(Beginning of Data supplied)

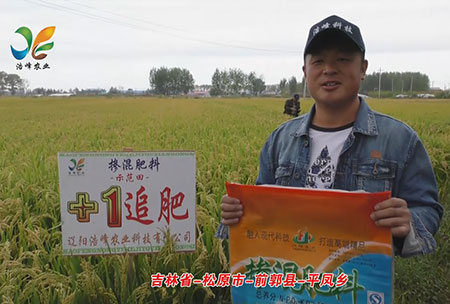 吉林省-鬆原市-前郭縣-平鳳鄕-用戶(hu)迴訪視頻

(End of Data supplied)
(Beginning of Data supplied)

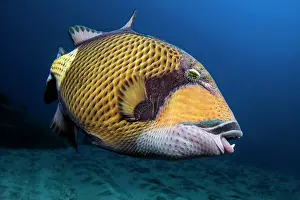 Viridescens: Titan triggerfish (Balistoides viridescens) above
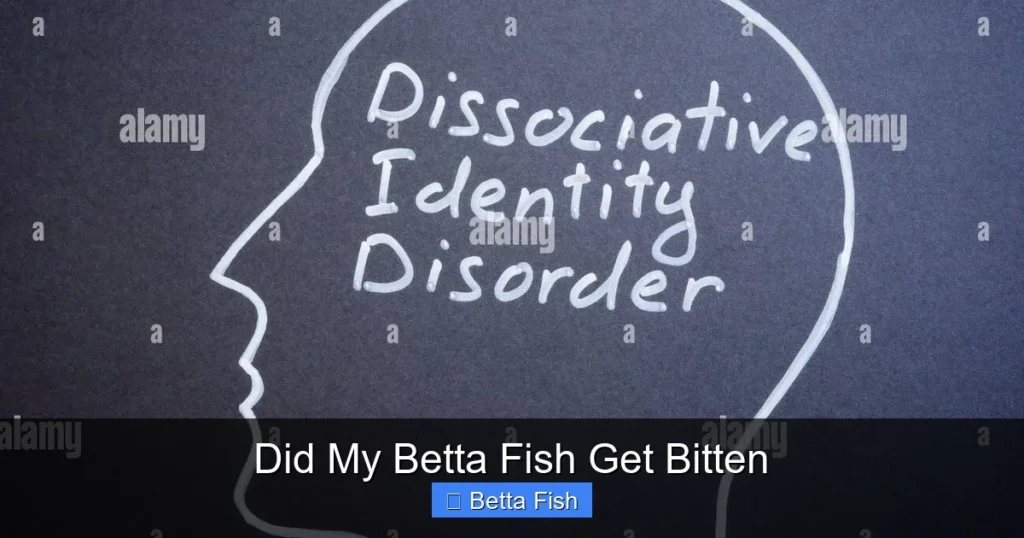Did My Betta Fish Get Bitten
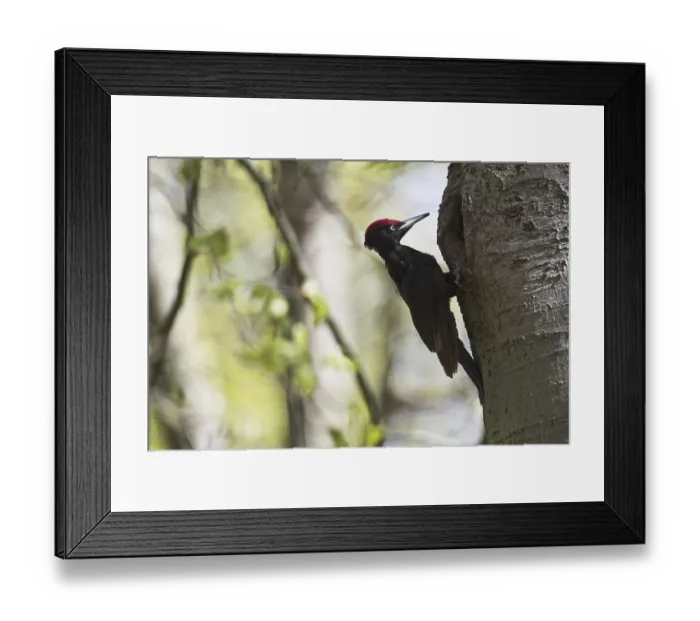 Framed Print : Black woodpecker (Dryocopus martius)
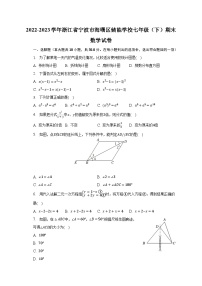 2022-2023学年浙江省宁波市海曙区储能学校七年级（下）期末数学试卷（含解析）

(End of Data supplied)

- **Problem description**
Return only the part above that opens with the line containing "Viridescens: Titan triggerfish" and closes with the line containing "2022-2023学年浙江省", exactly and with both ends, skipping the pictures.

- **Output of the task**
 Viridescens: Titan triggerfish (Balistoides viridescens) above
Did My Betta Fish Get Bitten
 Framed Print : Black woodpecker (Dryocopus martius)
 2022-2023学年浙江省宁波市海曙区储能学校七年级（下）期末数学试卷（含解析）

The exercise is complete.